Observe the word Immanuel.
It means God with us.
Right here is the Citadel and Fortress of the Christian faith.
All of the nonsense one encounters in such studies as “Comparative Religions” runs completely out of “comparisons” in this very event. In all of the ethnic cults, it is man who always pays.
The most valiant young man goes out to fight the dragon, or it is the fairest daughter in the tribe that becomes the sacrifice.
It is some Prometheus who is forever chained to the rocks where the vultures eat out his liver…
But consider what this entails. God will become a man? How? Would God kill a man and take his body?
Human procreation always produces a new person; but Christ was not a new person! He was present even in Creation (John 1:1ff).
Here in this word Immanuel we have the prophecy of what took place when Christ was born, the same prophecy repeated by Zacharias at a time much closer to the event itself, namely, The Dayspring from on High shall visit us (Luke 1)!
The question of whether Isaiah (Isaiah 7:14) fully understood this as applying to the virgin birth of Christ is irrelevant. God’s great prophets did not always know the true meaning of the words God gave them.
Peter did not know the full meaning of what he prophesied on Pentecost (Acts 2:38,39); and a miracle was required later (Acts 10) to convince Peter that the Gentiles should be permitted entry into the church.
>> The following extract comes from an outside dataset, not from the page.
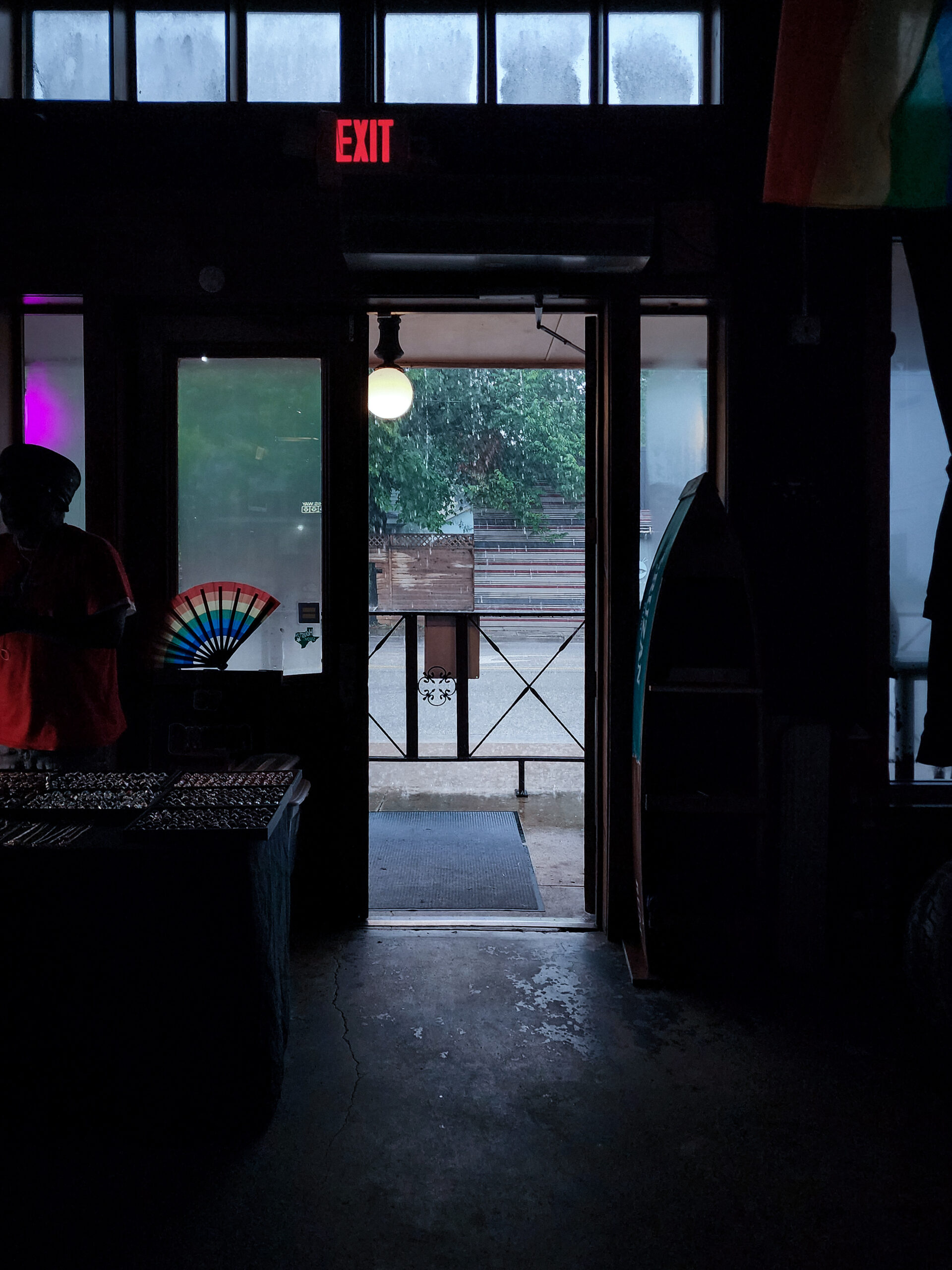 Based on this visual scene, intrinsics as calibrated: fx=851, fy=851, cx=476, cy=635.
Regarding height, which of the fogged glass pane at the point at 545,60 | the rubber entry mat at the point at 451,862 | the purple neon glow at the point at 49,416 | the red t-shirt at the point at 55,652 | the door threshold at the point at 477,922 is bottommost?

See 1 Peter 1:11,12.
In this verse, Matthew uses for the first time an expression found ten times in his gospel and nowhere else in the New Testament, “that it might be fulfilled, etc.”
The fact that the rabbis and Pharisees had overlooked it is only an indication of spiritual blindness on their part.
This beautiful prophecy not only reveals the virgin birth but also sets forth the dual nature of Christ.
His name means “God with us!” but his diet is that of a man, “butter and honey”; Here, then, is the GOD-MAN in prophecy!
The student should not be confused with the profusion of Old Testament terminology throughout the remainder of this chapter.
Such things as the temple, animal sacrifices, new moons, sabbaths, etc., clearly concerned the Old dispensation; but, “Isaiah 66:7-9 clearly concern the end-time.”
The rapidity of the rise and expansion of Christianity “Will mock the slow processes of history.”
This is prophesied by the metaphor of birth without travail.
This was fulfilled, by the far-flung commonwealth of the Christian Church springing up all over the Roman empire in a single generation.
The oldest Christian understanding of: “She was delivered of a man-child …” (Isaiah 66:7). – this passage identifies it with the birth of the Christ.
This was the position of Jerome and we have never seen any improvement on that view.
The New Testament quotation of the word man-child (Revelation 12:5) from Isaiah 66:7 requires our understanding of this as a reference to this designation.
But the New Testament references have a double emphasis on the masculinity of the child, “A SON, A MAN CHILD.”
Alexander Campbell translated it, “She bore a MASCULINE SON.”
Albertus Pieters rendered the words, “A son, a he-man, a fierce assertion of the virility of Christ.
The mother in this analogy is the Jewish race, fulfilling God’s promise to Abraham (Genesis 12:3), as proved by Matthew 1:1.